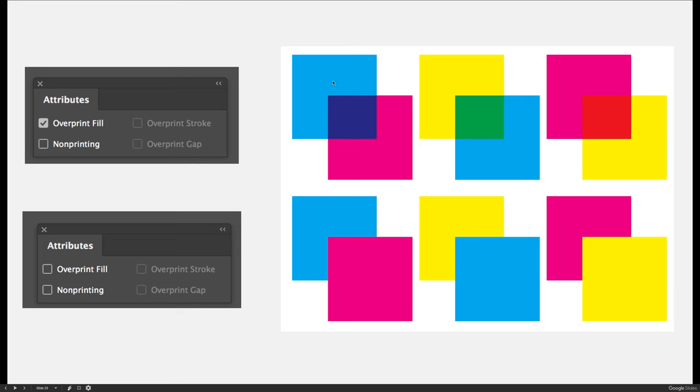If I set either one of these squares to print as an overprint, it'll allow one color to print right over top of the other. Now if I look at the bottom example, I can see that the magenta is printing over top of the cyan. In this case, I would print a solid cyan square. It would be the entire shape of the square. It wouldn't leave a little notch for the magenta. When I print a solid magenta square over the top, anywhere that overlaps, the colors would blend.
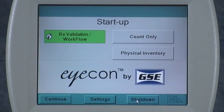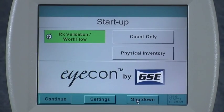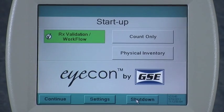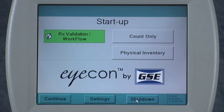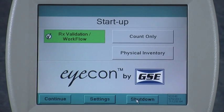Now let's take a look at how you can connect your icon up to the computer network in your pharmacy. You can do this either just to gain access to the files on board the icon, or to actually interface it with your pharmacy management system.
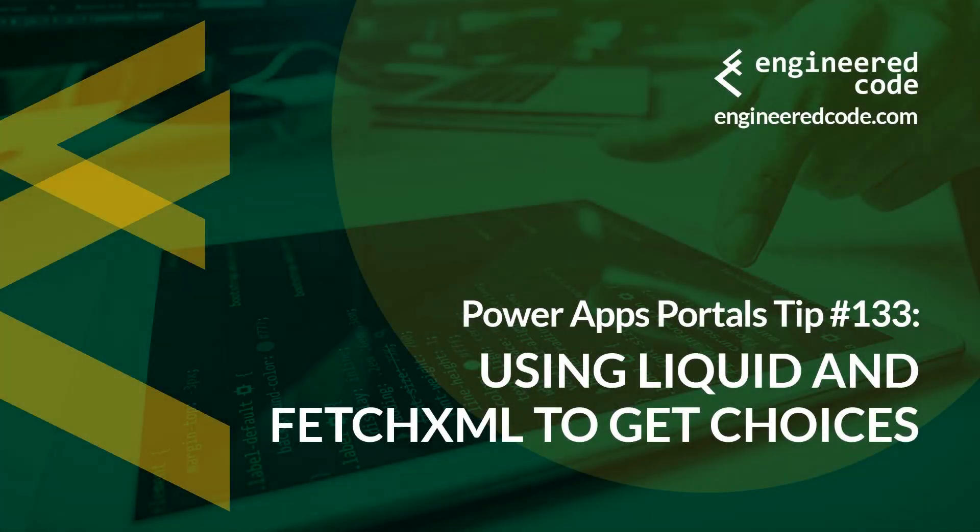Hello everyone, and welcome to PowerApps Portals Tips. My name is Nicholas Heyduk, and this is tip number 133: Using Liquid and FetchXML to get choices.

What to do: Return, unchanged, the lines from the first line of the material through the line that holds "Now let's take", inclusive, omitting pictures.

Answer section:
If I set either one of these squares to print as an overprint, it'll allow one color to print right over top of the other. Now if I look at the bottom example, I can see that the magenta is printing over top of the cyan. In this case, I would print a solid cyan square. It would be the entire shape of the square. It wouldn't leave a little notch for the magenta. When I print a solid magenta square over the top, anywhere that overlaps, the colors would blend.
Now let's take a look at how you can connect your icon up to the computer network in your pharmacy. You can do this either just to gain access to the files on board the icon, or to actually interface it with your pharmacy management system.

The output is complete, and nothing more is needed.